The past decade has witnessed one of the most egregious misuses of intelligence in American history—the Bush administration’s distortion of information about Saddam Hussein’s terrorist ties and unconventional weapons, in order to justify the invasion of Iraq. It has also seen a surge of paramilitary activity and covert action that has included the operation of secret prisons, the use of torture, and targeted killing. The Obama administration ended officially sanctioned torture, but it has refused to allow official inquiries into how it occurred, and the administration has increased the number of covert, unacknowledged targeted killings through the use of armed, unmanned aerial drones in Afghanistan, Pakistan, Yemen, and elsewhere.

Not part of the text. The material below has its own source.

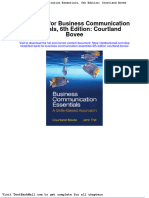 Test Bank For Business Communication Essentials 6th Edition Courtland Bovee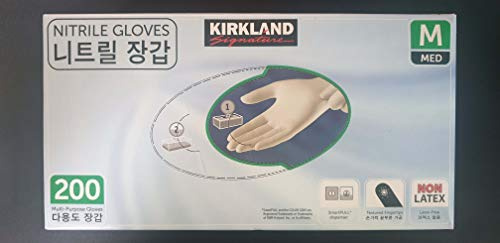 Kirkland Nitrile Exam Multi-Purpose Gloves 200 CountMedium Size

In all, a president who might have challenged the American intelligence bureaucracy and given it a new direction has instead maintained and even expanded what he inherited. Nor has Congress reviewed the hasty organizational reforms it enacted after September 11 or reckoned in depth with the problems exposed by the Iraq disaster. The vital questions that seemed to be begged after the Bush era—about the intelligence system’s scope, effectiveness, costs, outsourcing, legal justifications, and vulnerability to politicization—have remained largely unaddressed.

Intelligence collection is an aspect of self-defense. Some of the work can be distasteful, but there is hardly a kingdom, empire, or democracy in history that has not engaged spies to provide warning about potential surprise attacks, assess the intentions of hostile governments, and ferret out the espionage of other powers. The United States did so in a modest way during the first century and a half of its existence. In an age of slow-moving ships, two oceans rendered strategic surprise unlikely. Pearl Harbor ended that era. By the early 1950s the American intelligence system was swelling into a labyrinth whose size would become much greater than anything imagined by the authors of the Constitution—intelligence became a sprawling, largely self-managing arm of cold war strategies and Pax Americana. The shape of the present intelligence bureaucracy—and the recurring doubts about its accountability to Congress and the public—are traceable to this postwar period.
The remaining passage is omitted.